Good Advice from two Founders


Benjamin Rush writing to John Adams in retirement:

“I shall continue to believe that ‘great men’ are a lie. And that there is very little difference in that superstition which leads us to believe in what the world calls ‘great men’ and in that which leads us to believe in witches and conjurers”

Adams responded:

“The feasts and funerals in honor of Washington is as corrupt a system as that by which saints were canonized and cardinals, popes and whole hierarchical systems created.” (He writes later that Washington would be offended by the pilgrimages to Mt Vernon)

He also said, “It has become fashionable to call me “The Venerable”. It makes me think of the venerable Bede…or the venerable Savannarola…..Don’t call me ‘Godlike Adams’, ‘The Father of his Country', ‘The Founder of the American Republic’, or the 'Founder of the American Empire'. These titles belong to no man, but to the American people in general".

Adams believed that the ‘deification’ of the revolutionary leaders was transforming the true story of the American Revolution into a melodramatic romance: “It is a common observation in Europe that nothing is so false as modern history….except American modern history”.

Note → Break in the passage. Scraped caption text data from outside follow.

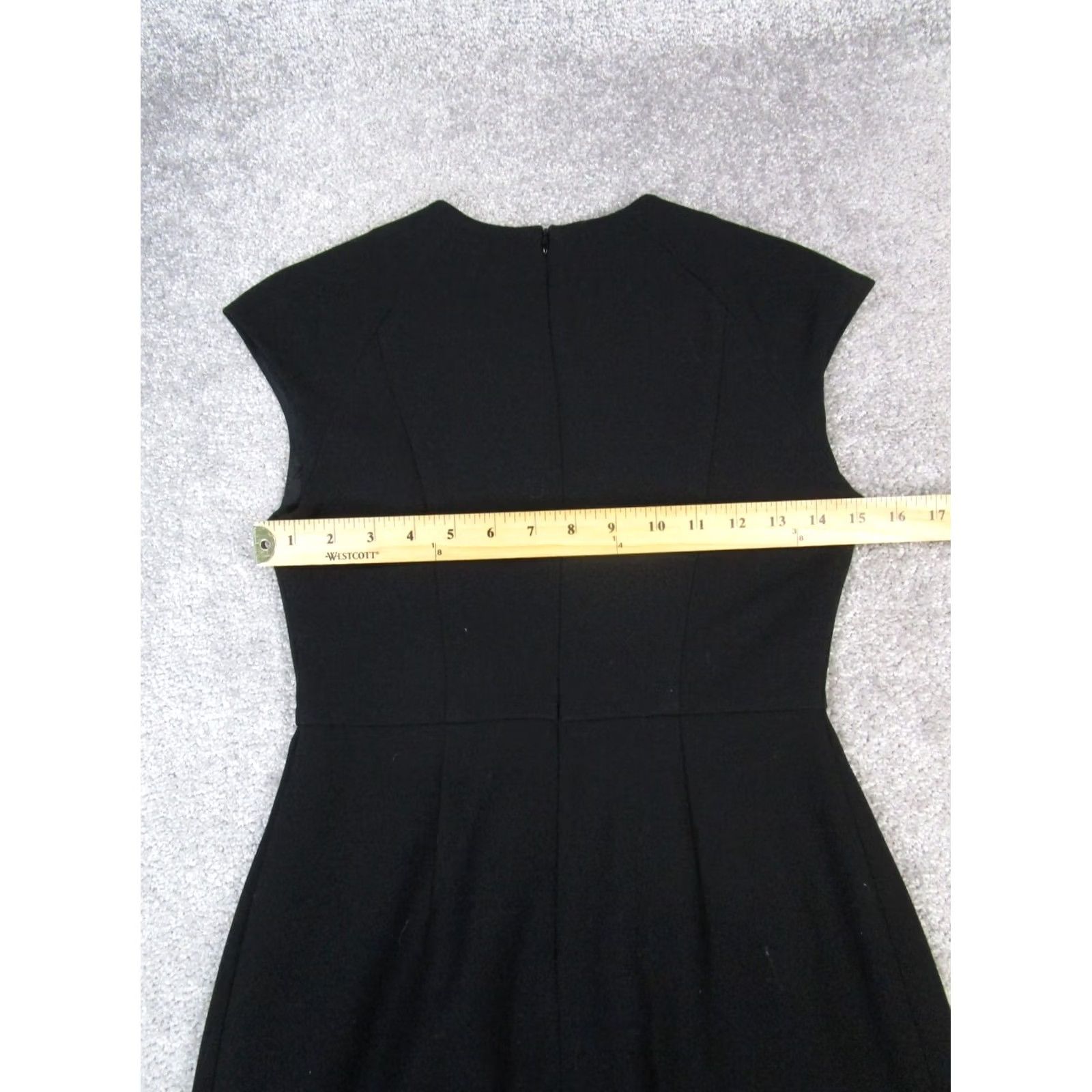 Massimo Dutti Massimo Dutti Dress Womens 4 Black Bodycon Sleeveless Round Neck Zip Short Solid Polyester Adults Womens Black Dress Bodycon 90s? Size S / US 4 / IT 40 - 6 Thumbnail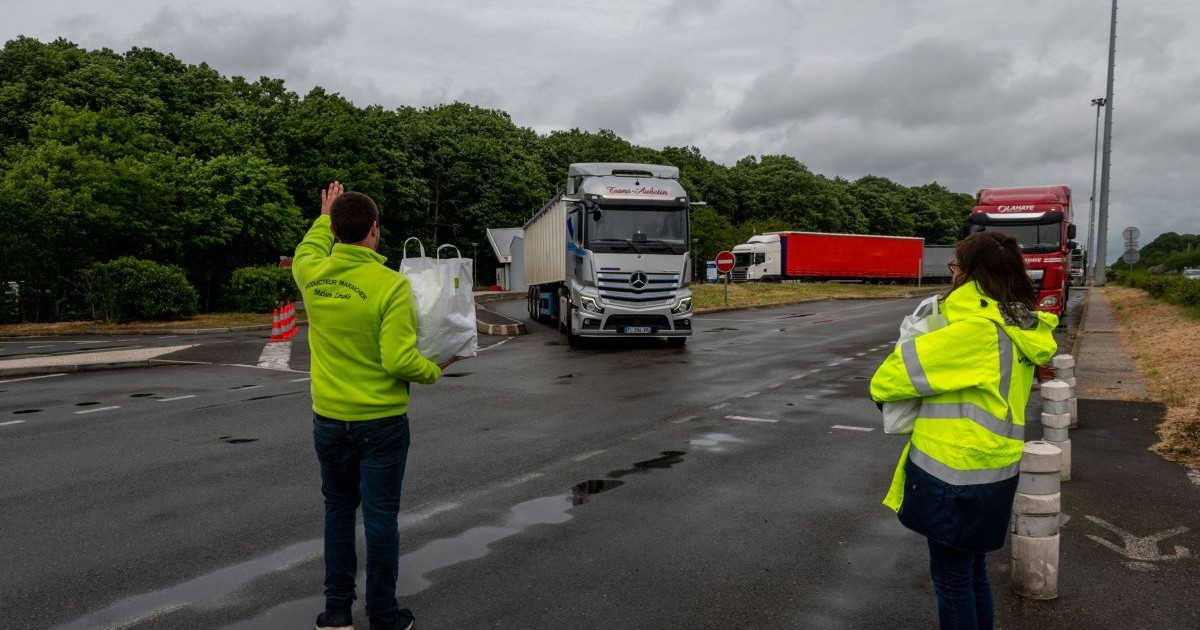 Un TIR este chemat pentru inspecție la o vamă din Franța
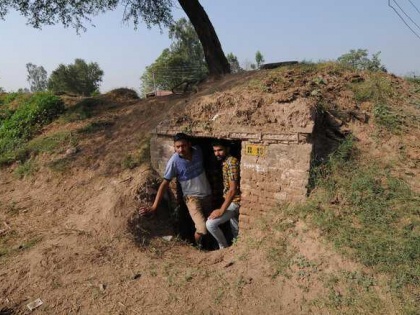 aaj ka taja samachar jammu Kashmir Demand private bunkers LoC firepower people not just road electricity water  | कश्मीरः बढ़ती गोलाबारी के बीच एलओसी पर निजी बंकरों की मांग बढ़ी, लोगों को सड़क, बिजली, पानी नहीं बस बंकर चाहिए...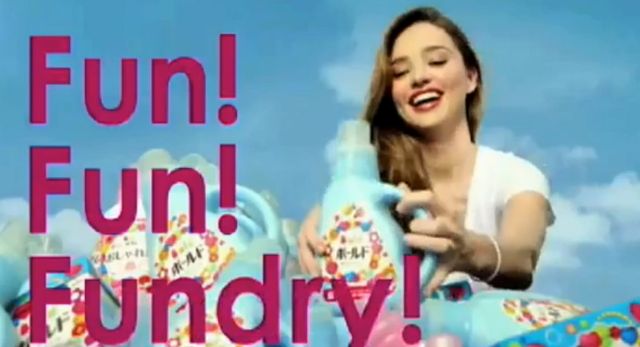 Słodka Miranda Kerr w japońskiej reklamie płynu do płukania Słodka Miranda Kerr w japońskiej reklamie płynu do płukania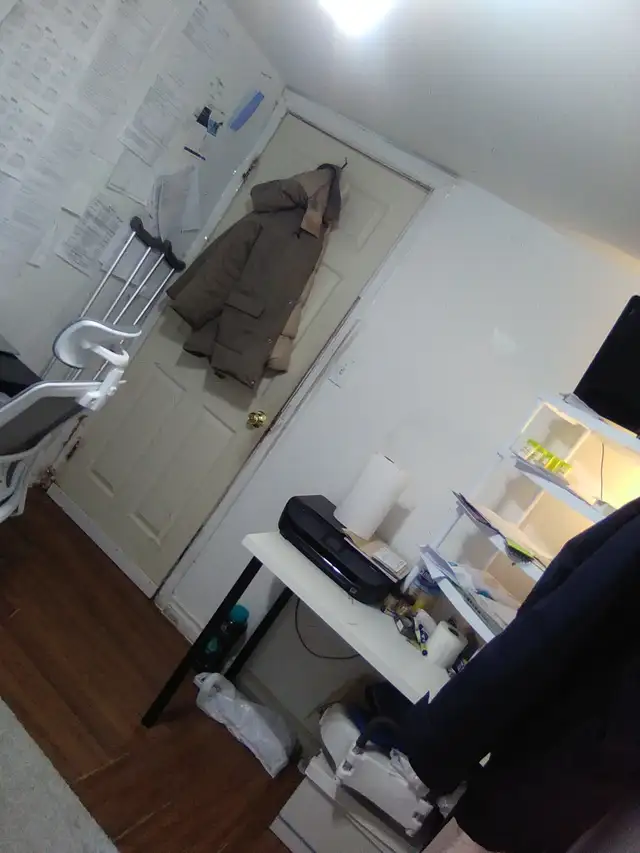 Private room- Utilities included - Photo 2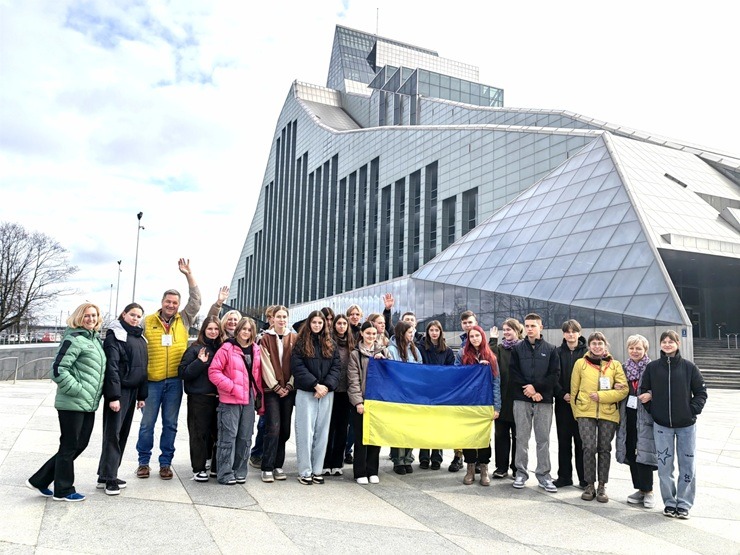 Mūzikas instrumentu spēles nometne Rīgā atgriež talantīgiem bērniem no Ukrainas laimīgas bērnības un drošības sajūtu Mūzikas instrumentu spēles nometne Rīgā atgriež talantīgiem bērniem no Ukrainas laimīgas bērnības un drošības sajūtu 370515
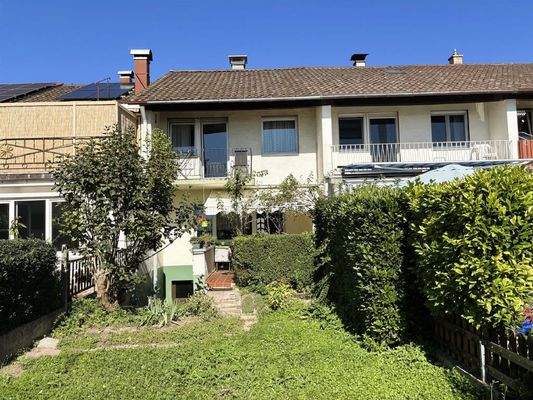 Hausansicht mit Garten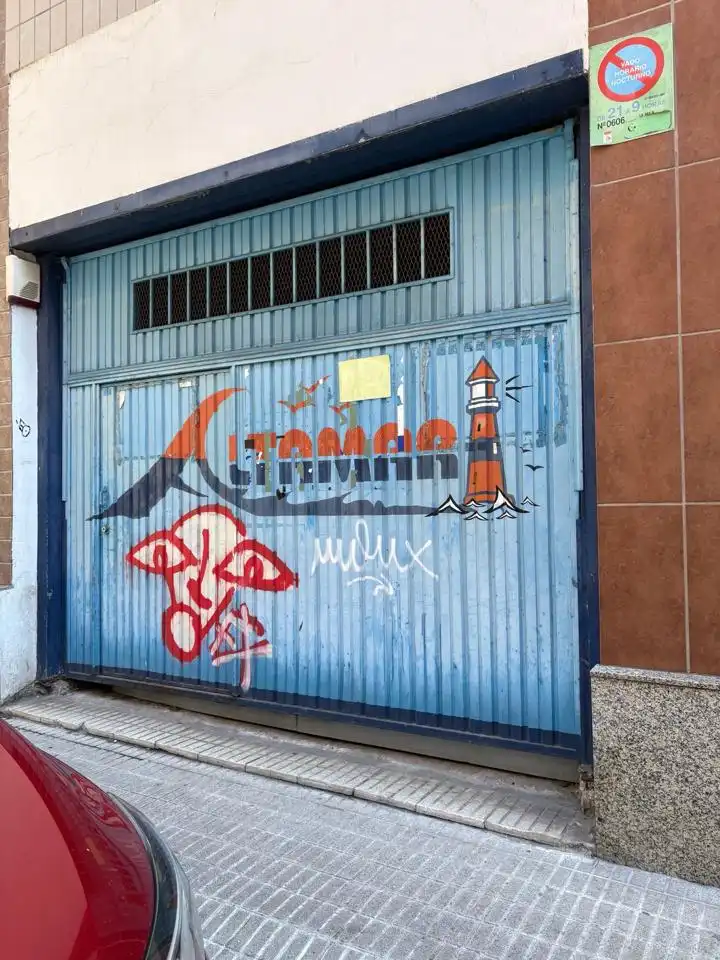 Vista exterior de Local en venta en Gijón 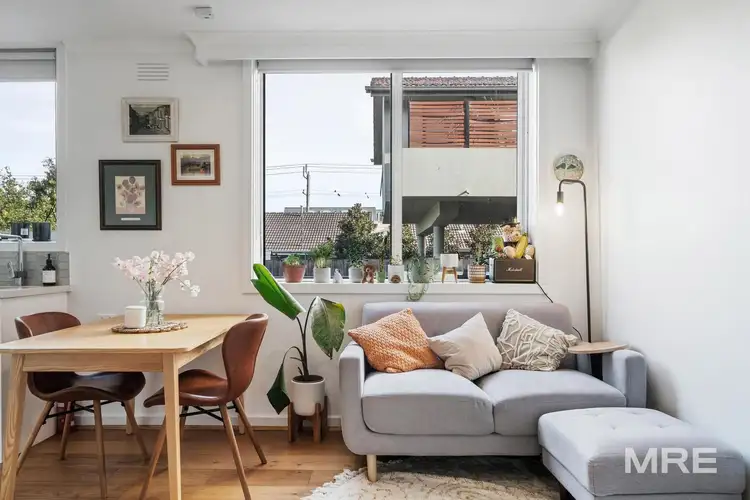 Second view of Homely apartment listing, 5/203 Auburn Road, Hawthorn VIC 3122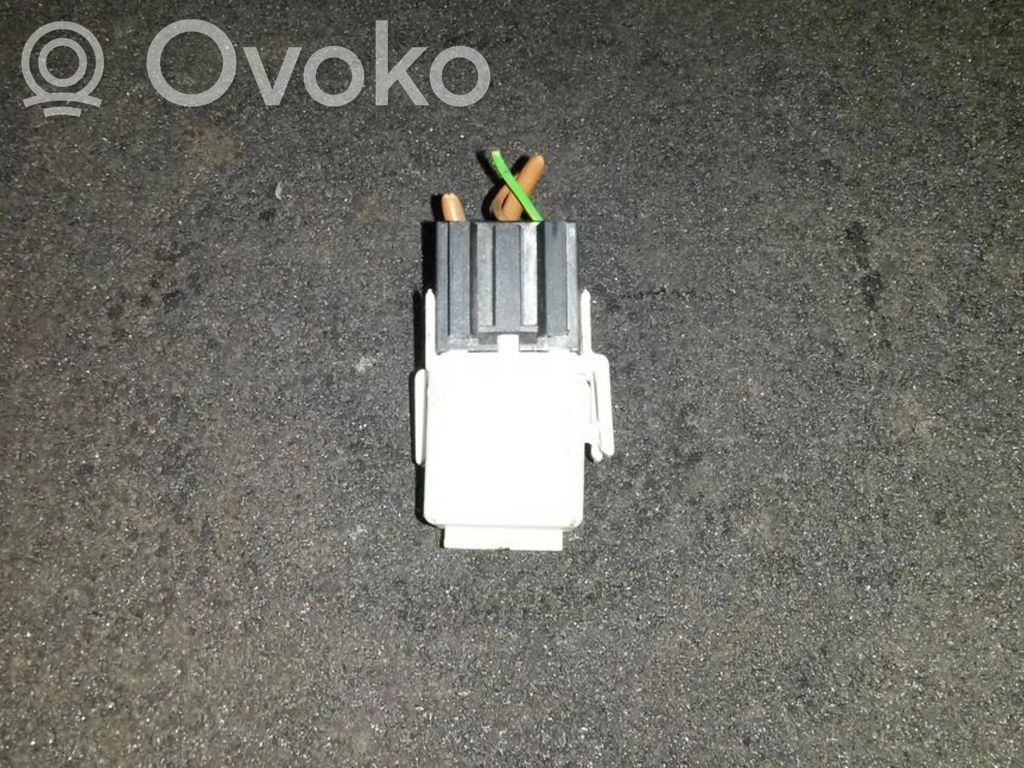 Alte relee   61368373700,V23134K59X312,61368373700,V23134K59X312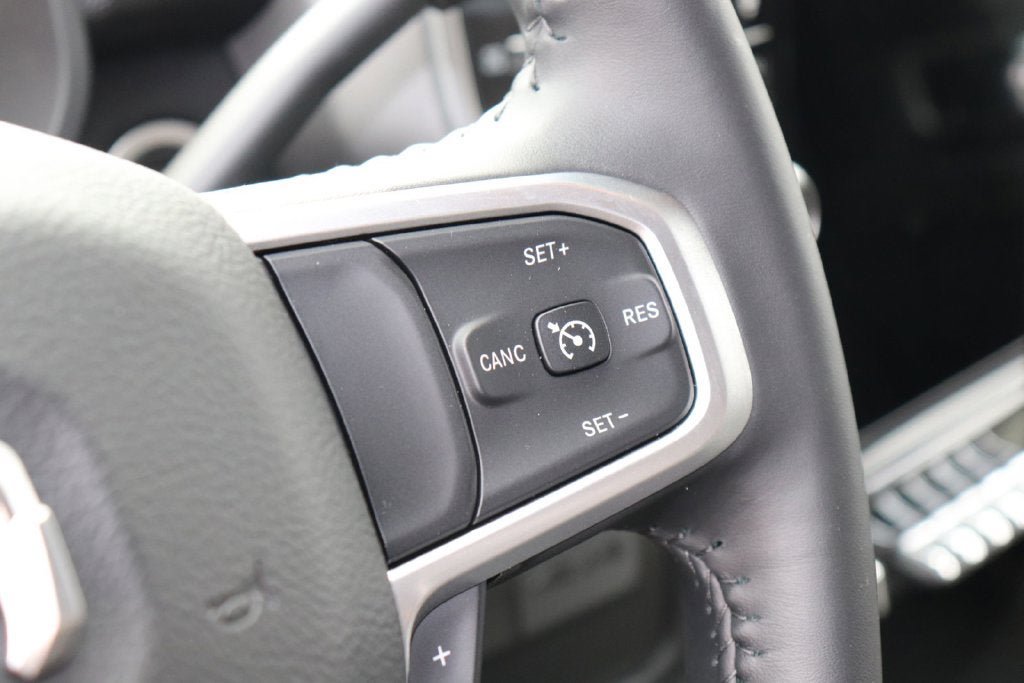 New 2024 RAM 2500 Big Horn w/ Towing Technology Group AWD/4WD image 18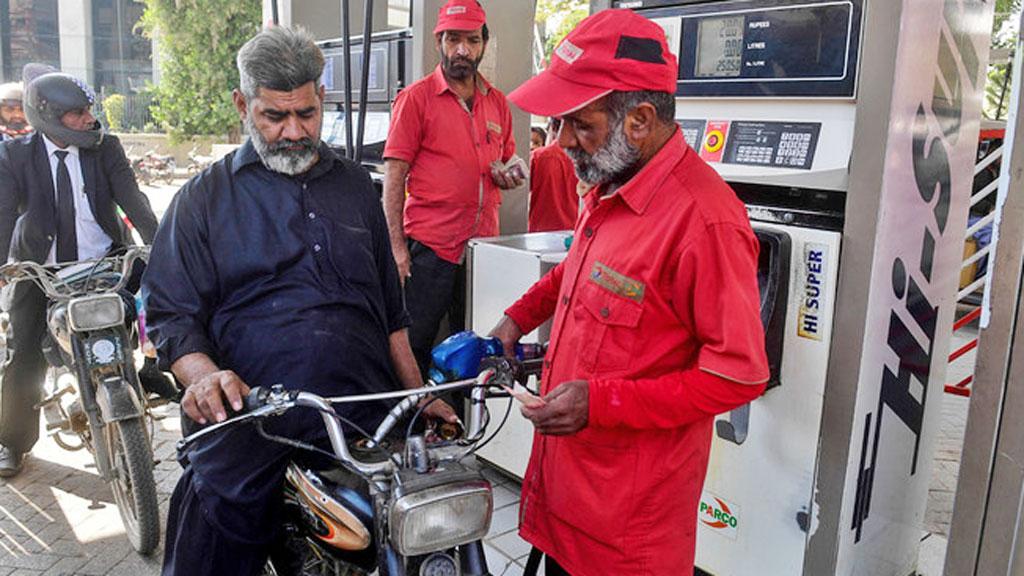 ইরান থেকে চোরাই পথে পাকিস্তানে যায় বছরে বিলিয়ন ডলারের জ্বালানি তেল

In the Adams formulation, the true history was about chance, contingency, unintended consequences, about political leaders who were often improvising on the edge of catastrophe. Events, not men, were in the saddle, and all founders were imperfect men rather than gods come down from Mount Olympus. “It was patched and piebald then", he wrote, “as it is now, ever was, and ever will be, world without end.”

When one man tried to congratulate him for belonging to a truly heroic generation, Adams felt obliged to correct him: “I ought not to object to your reverence for your fathers, meaning those concerned with the direction of public affairs”, he cautioned. “but to tell you a very great secret, as far as I am capable of comparing the merit of different periods, I have no reason to believe that we were better than you are.”

Quoted from, American Creation: The Triumphs and Tragedies at the Founding of the Republic
by Joseph J. Ellis
Images:
Top: Benjamin Rush, unknown painter
Bottom: John Adams by Gilbert

1 comment:

Paul Burleson said...

Lin,

I'm a first time commenter. This is an excellent post as are all of yours I've just gone back and read.

But I have to say, while I'm late in coming to it, your series on Elders, which I've just read, is one of the finest I've ever read and I've been reading as a pastor for over fifty years.

I have several folders full of research material from others on every imaginable subject of theology and your series is going to the top of the list of my folder on 'THE CHURCH.' Outstanding. Thanks..and forgive any moving away from the present post. Keep up the great scriptural insights.

By the way, I've served as the lead teaching Elder [our term] for five years at one church and one of seven Elders at another church for seven years and the single senior pastor of churches for over forty years. I'm not unfamiliar with the good, the bad, and the ugly of it all.

Again, thanks for this post. It's needed.